Pneumonia set in and he was too worn with the gigantic struggles of the winter to withstand it. During this terrible week of illness the opera had to be kept going and I conducted “Walküre” and “Tannhäuser” without much difficulty. They had been so splendidly rehearsed by my father and had been performed several times; I knew them by heart, and artists, chorus, and orchestra gave me the most affectionate and willing assistance. I have therefore never claimed much credit for what many kind friends at that time considered an extraordinary feat.

The season had only one more week to run, but my father had made arrangements for a short tour comprising Chicago, Boston, and Philadelphia.

On February 15 he died and left me numb and overwhelmed by the terrible responsibilities which began to press in upon me. Even at this late date I cannot bear to write of my loss. Our relations had become so close and intimate, and during the last years he had so often leaned on me with such sweet confidence. I had always looked up to him as my ideal of a man and musician, and it seemed to me that I could never smile again.
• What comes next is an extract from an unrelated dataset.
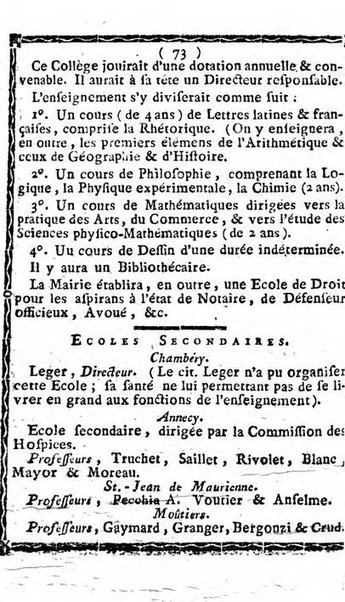 Annuaire du Département du Mont-Blanc contenant un essai statistique sur la popolation, divisée par esèces, par âges, par classes, &c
The last performances at the Metropolitan immediately after his death were conducted by John Lund, a highly talented chorus master who has since made his home in America, but there were so many immediate necessities crowding in upon me that I had no opportunity for indulging in quiet grief. Events moved with incredible and terrible swiftness. The contracts for the tour had to be met. My father’s estate was technically liable, although he left literally no money. There was no one to assume the responsibility of taking the company on tour except poor me, and I accordingly set forth, together with the entire company of about a hundred and fifty members, on a special train of the West Shore Railroad for Chicago on Saturday afternoon of February 21. We were to open with “Tannhäuser” at the Columbia Theatre on the following Monday evening. During this trip the worst blizzard of the year struck our train. We were completely snowed in and the road, which was at that time a rather lame rival of the New York Central, was so ill-equipped with means to shovel us out that instead of arriving on Sunday evening, we did not get into Chicago until Monday at eight P. M., the hour at which the performance was to have begun. My dear brother Frank, who had come on from Denver to meet me in Chicago and to discuss future plans, boarded our train a little while out of Chicago and told me that not only was the house sold out, but all had determined to wait until we arrived and chivalrously to “see us through.” The mayor of the city had made an excited speech from the proscenium box in which he was sitting and said that Chicago must help a young man like myself who had so courageously undertaken to carry on the great work of his father.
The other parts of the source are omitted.